• _RECORDED INFORMATION_
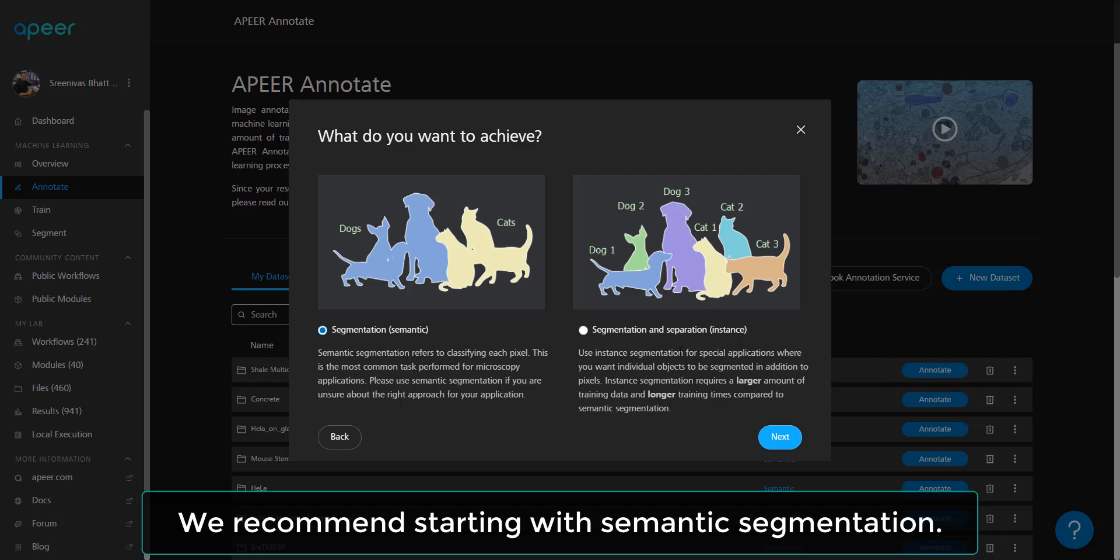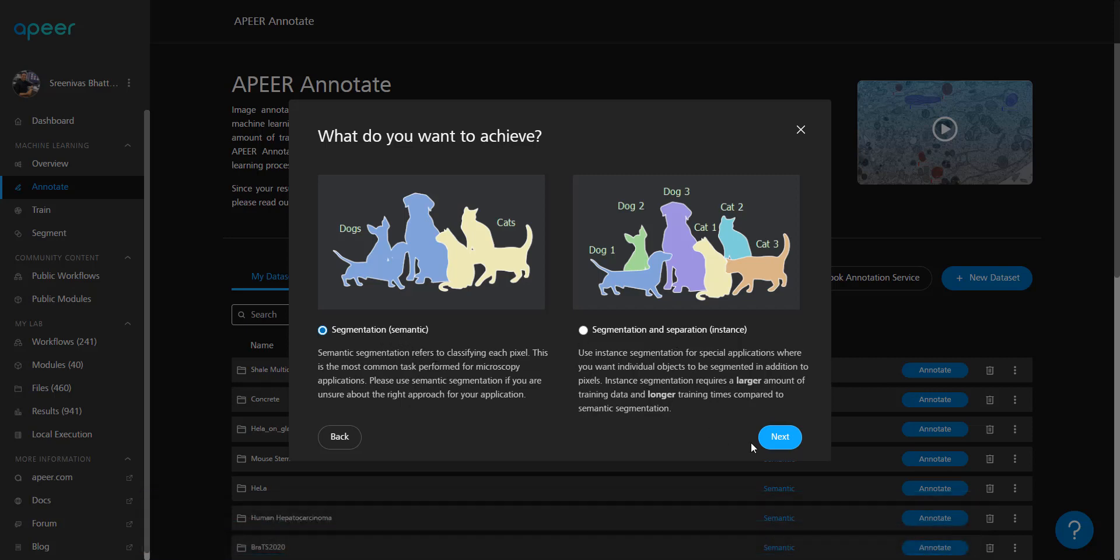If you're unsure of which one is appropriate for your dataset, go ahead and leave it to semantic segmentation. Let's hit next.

---

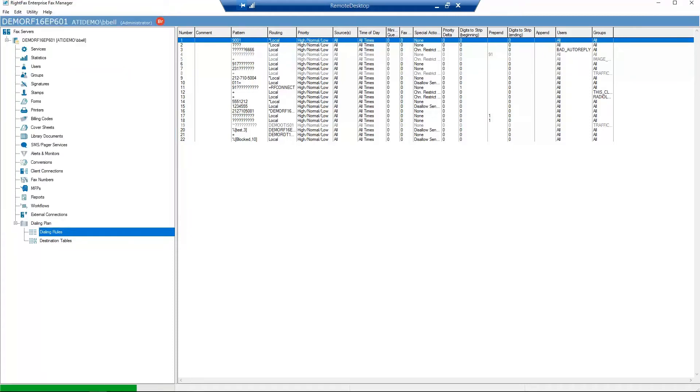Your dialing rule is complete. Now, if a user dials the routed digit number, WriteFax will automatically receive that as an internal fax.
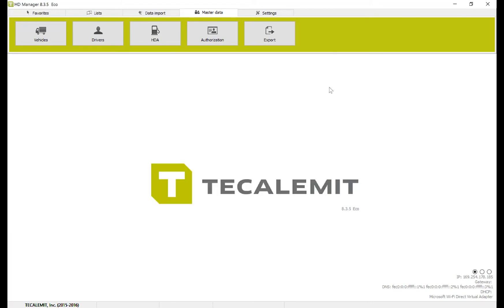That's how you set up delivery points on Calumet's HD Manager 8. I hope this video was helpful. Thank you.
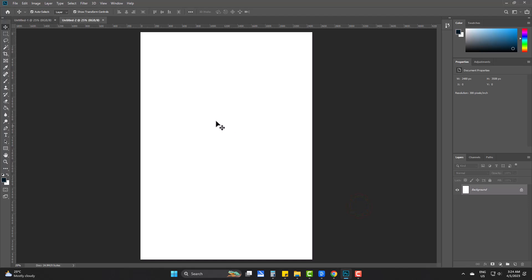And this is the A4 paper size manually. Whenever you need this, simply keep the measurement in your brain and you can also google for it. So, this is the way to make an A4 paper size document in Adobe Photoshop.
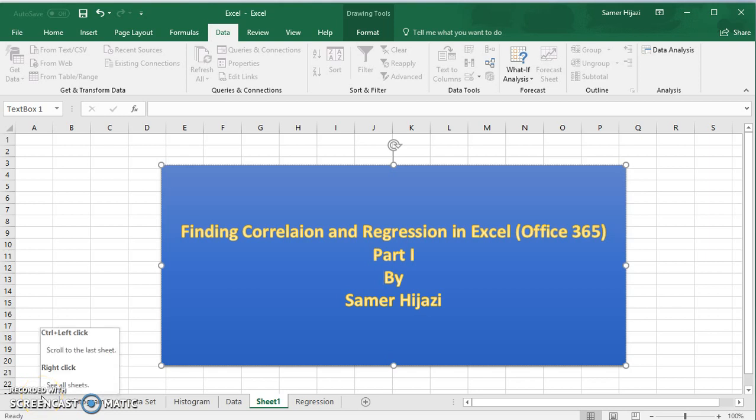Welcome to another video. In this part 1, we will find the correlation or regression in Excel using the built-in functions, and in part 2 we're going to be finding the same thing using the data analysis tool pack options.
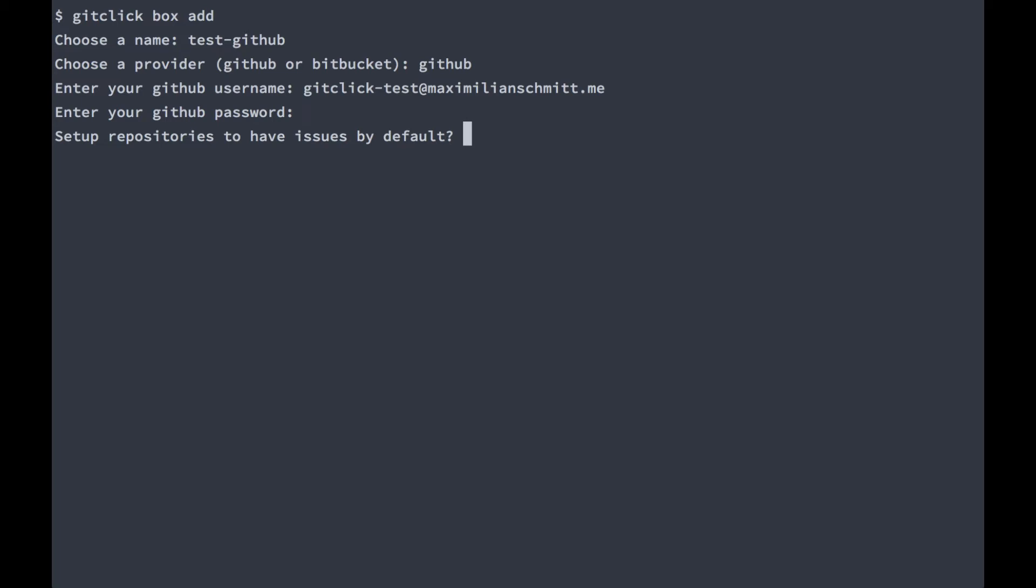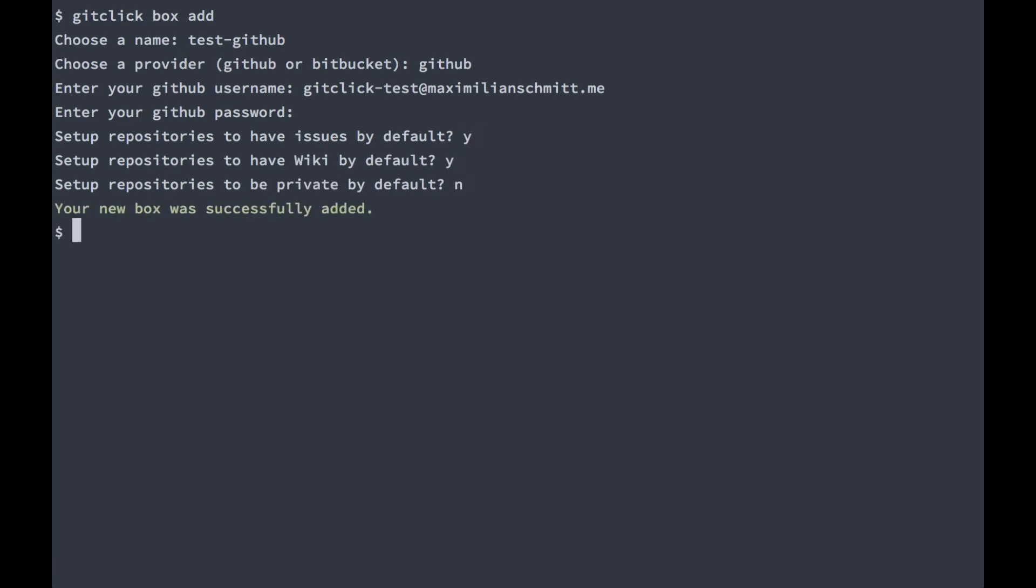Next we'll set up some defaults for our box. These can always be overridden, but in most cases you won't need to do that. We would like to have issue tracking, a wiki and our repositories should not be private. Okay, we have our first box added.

• _WORK ORDER_
Write out exactly the lines above between the one with "And this is" and the one with "Next we'll set", inclusive, with pictures left out.

• _RESPONSE BOX_
And this is the A4 paper size manually. Whenever you need this, simply keep the measurement in your brain and you can also google for it. So, this is the way to make an A4 paper size document in Adobe Photoshop.
Welcome to another video. In this part 1, we will find the correlation or regression in Excel using the built-in functions, and in part 2 we're going to be finding the same thing using the data analysis tool pack options.
Next we'll set up some defaults for our box. These can always be overridden, but in most cases you won't need to do that. We would like to have issue tracking, a wiki and our repositories should not be private. Okay, we have our first box added.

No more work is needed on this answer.